October 28, 2021
Ten Years Ago
October 27, 2011
As Waitsburg becomes increasingly popular among travelers, more small-scale, down-home lodging is springing up around town to accommodate them, according to Karen Stanton-Gregutt, owner of Waitsburg Cottages. Together with the owners of several other lodging establishments, Stanton-Gregutt presented to members of the Commercial Club last week an overview of existing and new properties where quality accommodations are available for nightly and weekly stays.

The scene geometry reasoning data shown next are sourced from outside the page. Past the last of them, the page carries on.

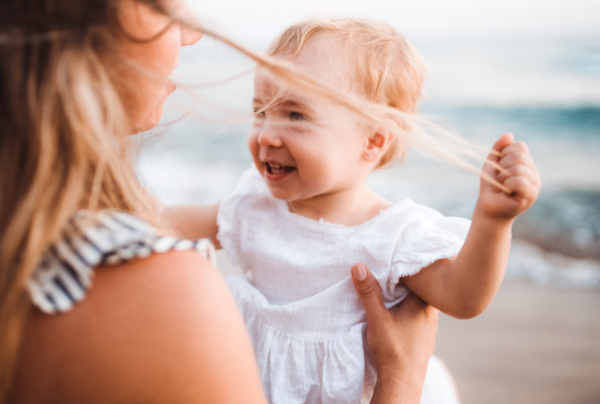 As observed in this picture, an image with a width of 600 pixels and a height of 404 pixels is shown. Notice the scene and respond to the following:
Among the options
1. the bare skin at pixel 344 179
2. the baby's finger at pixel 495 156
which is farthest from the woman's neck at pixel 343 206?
the baby's finger at pixel 495 156

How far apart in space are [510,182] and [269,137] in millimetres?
808

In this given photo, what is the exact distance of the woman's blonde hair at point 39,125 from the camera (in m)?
0.75

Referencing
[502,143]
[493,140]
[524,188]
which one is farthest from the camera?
[493,140]

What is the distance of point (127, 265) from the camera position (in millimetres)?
812

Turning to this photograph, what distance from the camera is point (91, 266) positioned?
785 mm

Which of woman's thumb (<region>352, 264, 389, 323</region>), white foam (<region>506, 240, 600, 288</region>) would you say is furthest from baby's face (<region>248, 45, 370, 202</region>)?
white foam (<region>506, 240, 600, 288</region>)

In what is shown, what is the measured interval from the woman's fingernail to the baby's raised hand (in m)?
0.45

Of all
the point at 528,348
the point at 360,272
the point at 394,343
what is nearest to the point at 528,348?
the point at 528,348

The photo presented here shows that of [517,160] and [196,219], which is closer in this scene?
[517,160]

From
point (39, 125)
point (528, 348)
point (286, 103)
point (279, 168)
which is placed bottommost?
point (528, 348)

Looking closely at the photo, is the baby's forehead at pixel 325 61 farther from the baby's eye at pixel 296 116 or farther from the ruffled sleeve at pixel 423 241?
the ruffled sleeve at pixel 423 241

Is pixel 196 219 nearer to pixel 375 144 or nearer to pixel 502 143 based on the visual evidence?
pixel 375 144

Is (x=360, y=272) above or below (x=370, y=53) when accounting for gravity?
below

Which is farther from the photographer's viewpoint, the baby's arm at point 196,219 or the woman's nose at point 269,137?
the baby's arm at point 196,219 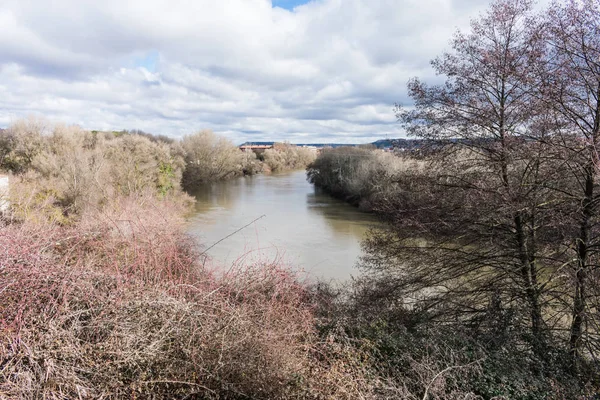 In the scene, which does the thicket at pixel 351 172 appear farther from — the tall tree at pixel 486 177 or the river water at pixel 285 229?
the tall tree at pixel 486 177

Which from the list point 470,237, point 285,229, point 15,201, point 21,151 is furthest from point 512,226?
point 21,151

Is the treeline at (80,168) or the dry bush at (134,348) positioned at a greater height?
the treeline at (80,168)

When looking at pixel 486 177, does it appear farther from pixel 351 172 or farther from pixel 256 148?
pixel 256 148

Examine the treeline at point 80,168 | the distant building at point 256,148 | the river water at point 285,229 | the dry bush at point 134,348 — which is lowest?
the river water at point 285,229

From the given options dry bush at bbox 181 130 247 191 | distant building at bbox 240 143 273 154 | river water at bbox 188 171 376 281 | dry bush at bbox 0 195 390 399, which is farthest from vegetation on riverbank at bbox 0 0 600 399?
distant building at bbox 240 143 273 154

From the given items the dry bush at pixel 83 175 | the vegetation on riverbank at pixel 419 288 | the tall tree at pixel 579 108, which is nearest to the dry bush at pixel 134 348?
the vegetation on riverbank at pixel 419 288

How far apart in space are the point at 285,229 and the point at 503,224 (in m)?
15.4

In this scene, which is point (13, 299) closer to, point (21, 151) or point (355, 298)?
point (355, 298)

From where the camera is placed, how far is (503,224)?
7.26m

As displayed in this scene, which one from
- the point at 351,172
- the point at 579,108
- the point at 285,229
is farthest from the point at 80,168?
the point at 351,172

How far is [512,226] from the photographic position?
23.5 ft

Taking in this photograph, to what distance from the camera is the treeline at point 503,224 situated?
502cm

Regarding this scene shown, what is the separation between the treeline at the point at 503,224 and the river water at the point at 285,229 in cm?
268

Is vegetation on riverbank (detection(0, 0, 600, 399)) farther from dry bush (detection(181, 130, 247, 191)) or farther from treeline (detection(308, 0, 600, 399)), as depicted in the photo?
dry bush (detection(181, 130, 247, 191)) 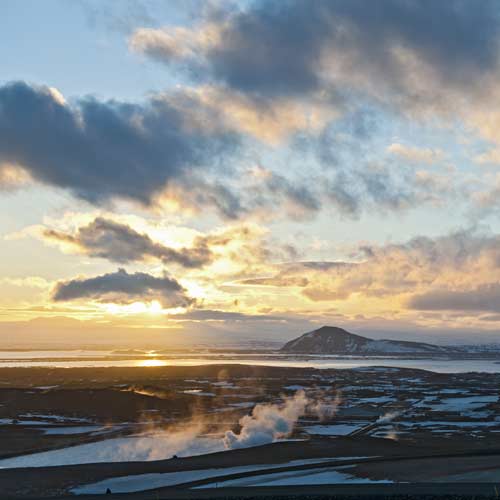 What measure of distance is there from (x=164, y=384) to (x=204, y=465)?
9099 cm

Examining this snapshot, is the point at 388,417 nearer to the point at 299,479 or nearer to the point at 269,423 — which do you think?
the point at 269,423

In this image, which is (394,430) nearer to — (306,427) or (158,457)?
(306,427)

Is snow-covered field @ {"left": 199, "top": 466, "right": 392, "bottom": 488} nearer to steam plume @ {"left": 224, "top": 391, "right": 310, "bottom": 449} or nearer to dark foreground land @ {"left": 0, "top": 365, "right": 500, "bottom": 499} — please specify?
dark foreground land @ {"left": 0, "top": 365, "right": 500, "bottom": 499}

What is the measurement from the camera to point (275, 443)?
63.0 meters

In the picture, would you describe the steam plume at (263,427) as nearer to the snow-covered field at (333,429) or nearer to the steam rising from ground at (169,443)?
the steam rising from ground at (169,443)

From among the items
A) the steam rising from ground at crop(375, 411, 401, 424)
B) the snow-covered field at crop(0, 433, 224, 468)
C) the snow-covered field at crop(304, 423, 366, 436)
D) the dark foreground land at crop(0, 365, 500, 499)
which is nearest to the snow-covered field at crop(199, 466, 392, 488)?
the dark foreground land at crop(0, 365, 500, 499)

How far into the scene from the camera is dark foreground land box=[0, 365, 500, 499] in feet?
147

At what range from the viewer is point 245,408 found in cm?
9681

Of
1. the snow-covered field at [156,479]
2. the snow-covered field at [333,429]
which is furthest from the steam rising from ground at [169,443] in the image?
the snow-covered field at [156,479]

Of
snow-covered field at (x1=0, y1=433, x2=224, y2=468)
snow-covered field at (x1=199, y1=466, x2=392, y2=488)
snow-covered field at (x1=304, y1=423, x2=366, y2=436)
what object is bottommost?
snow-covered field at (x1=0, y1=433, x2=224, y2=468)

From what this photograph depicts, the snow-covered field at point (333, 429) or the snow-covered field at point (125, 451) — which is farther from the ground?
the snow-covered field at point (333, 429)

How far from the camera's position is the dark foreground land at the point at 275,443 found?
44.7 metres

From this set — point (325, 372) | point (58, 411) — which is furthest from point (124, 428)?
point (325, 372)

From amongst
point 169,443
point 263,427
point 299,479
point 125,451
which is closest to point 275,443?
point 263,427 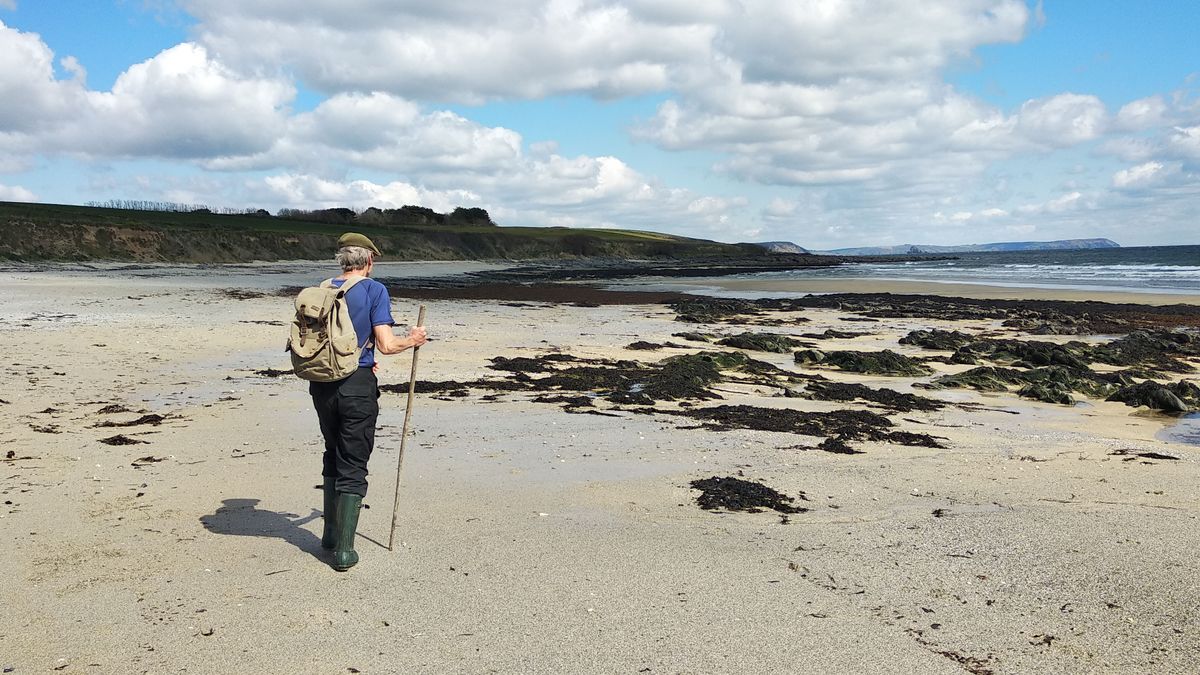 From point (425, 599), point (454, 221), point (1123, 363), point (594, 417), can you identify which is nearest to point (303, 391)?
point (594, 417)

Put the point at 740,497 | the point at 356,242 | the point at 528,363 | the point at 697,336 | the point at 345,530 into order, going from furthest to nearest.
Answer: the point at 697,336 → the point at 528,363 → the point at 740,497 → the point at 356,242 → the point at 345,530

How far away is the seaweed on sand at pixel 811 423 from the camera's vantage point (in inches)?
366

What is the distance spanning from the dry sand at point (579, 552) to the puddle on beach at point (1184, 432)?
2.48 ft

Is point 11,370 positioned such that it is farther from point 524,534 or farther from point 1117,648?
point 1117,648

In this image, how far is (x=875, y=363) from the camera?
52.0 feet

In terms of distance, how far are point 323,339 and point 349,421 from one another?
1.76ft

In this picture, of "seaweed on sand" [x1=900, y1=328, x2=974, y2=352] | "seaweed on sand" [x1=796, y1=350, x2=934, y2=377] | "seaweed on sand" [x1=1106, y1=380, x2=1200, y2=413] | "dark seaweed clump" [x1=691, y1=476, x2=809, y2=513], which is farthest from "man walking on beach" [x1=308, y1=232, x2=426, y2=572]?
"seaweed on sand" [x1=900, y1=328, x2=974, y2=352]

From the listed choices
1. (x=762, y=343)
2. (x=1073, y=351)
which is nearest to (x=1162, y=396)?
(x=1073, y=351)

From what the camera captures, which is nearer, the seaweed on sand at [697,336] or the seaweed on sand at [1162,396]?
the seaweed on sand at [1162,396]

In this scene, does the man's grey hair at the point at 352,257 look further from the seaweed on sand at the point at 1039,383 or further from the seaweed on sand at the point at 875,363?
the seaweed on sand at the point at 875,363

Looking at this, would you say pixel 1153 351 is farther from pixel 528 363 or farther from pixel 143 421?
pixel 143 421

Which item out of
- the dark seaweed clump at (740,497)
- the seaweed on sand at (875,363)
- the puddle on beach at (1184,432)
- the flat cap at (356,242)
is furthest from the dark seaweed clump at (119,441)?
the seaweed on sand at (875,363)

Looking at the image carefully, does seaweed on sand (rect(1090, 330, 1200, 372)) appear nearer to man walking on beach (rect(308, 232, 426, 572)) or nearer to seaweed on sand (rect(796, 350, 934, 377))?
seaweed on sand (rect(796, 350, 934, 377))

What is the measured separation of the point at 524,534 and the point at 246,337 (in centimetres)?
1369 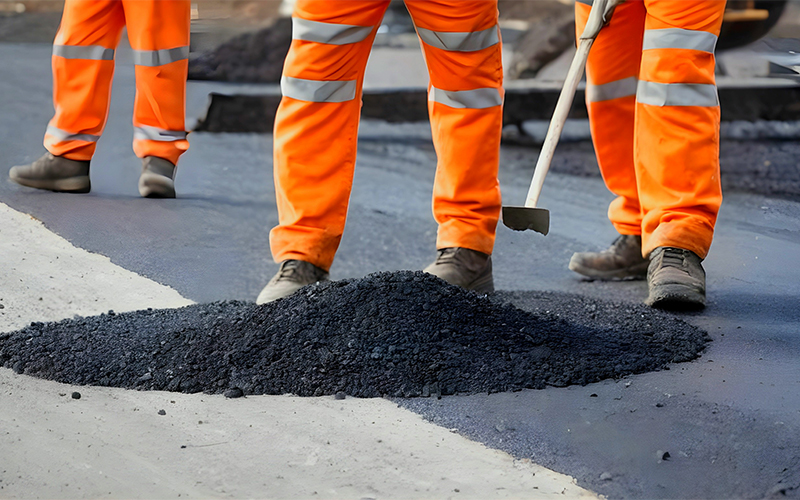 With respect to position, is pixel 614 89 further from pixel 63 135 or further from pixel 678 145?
pixel 63 135

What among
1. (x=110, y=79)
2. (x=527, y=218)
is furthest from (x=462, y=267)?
(x=110, y=79)

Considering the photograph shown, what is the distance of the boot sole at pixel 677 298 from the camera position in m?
2.26

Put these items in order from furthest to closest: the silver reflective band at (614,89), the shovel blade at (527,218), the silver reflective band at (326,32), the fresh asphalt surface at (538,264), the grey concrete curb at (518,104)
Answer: the grey concrete curb at (518,104) < the silver reflective band at (614,89) < the shovel blade at (527,218) < the silver reflective band at (326,32) < the fresh asphalt surface at (538,264)

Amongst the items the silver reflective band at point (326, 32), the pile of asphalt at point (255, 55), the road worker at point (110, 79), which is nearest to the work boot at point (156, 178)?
the road worker at point (110, 79)

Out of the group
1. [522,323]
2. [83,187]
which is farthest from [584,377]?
[83,187]

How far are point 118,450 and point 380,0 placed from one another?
1279 millimetres

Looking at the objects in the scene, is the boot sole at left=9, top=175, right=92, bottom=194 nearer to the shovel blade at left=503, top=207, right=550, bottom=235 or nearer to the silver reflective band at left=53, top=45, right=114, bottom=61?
the silver reflective band at left=53, top=45, right=114, bottom=61

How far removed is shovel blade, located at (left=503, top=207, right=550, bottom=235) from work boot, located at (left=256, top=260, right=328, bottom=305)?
0.53 meters

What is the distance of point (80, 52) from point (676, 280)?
2.25m

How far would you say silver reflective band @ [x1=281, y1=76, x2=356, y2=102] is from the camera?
6.96 feet

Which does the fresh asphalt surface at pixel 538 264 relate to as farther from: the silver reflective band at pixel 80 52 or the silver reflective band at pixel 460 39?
the silver reflective band at pixel 460 39

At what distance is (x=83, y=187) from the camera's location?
8.89ft

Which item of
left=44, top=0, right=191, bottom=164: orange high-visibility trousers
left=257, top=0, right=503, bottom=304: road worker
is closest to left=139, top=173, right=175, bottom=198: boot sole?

Based on the Times calculations, there should be at least 30 lodging rooms with an occupancy of at least 50 available by next spring when the hotel under development next to the Main Street post office is expected to be open.
Twenty-Five Years Ago
October 31, 1996
A recent report about not one but several Bigfoots seen in the Mill Creek Watershed has sparked anew the question: Is there a family of Bigfoots resident in these mountains near Walla Walla? Over the years since 1982, when ex-Forest Service watershed patrol rider Paul Freeman reported his near confrontation with a Bigfoot, this issue has surfaced. There is at least one instance of a sighting of a large Bigfoot accompanied by a smaller one, suggesting an adult and its “teenage” young. As memory serves, there was such a sighting on Mill Creek within 10 miles of Walla Walla. Then, a couple of years ago, two hunters were on the mountain road out of Dayton in the Robinette Mountain vicinity as darkness was falling. In this report, the men saw what each was certain was a Bigfoot and a smaller one as the creatures headed into the timber at the edge of a plowed field. Since it was getting dark, neither hunter opted to pursue the creatures to get any closer, they said.
Fifty Years Ago
October 28, 1971
[Photo Caption] Jill Zuger presents a trophy to David McKinley who was selected as outstanding freshman football player for the 1971 season.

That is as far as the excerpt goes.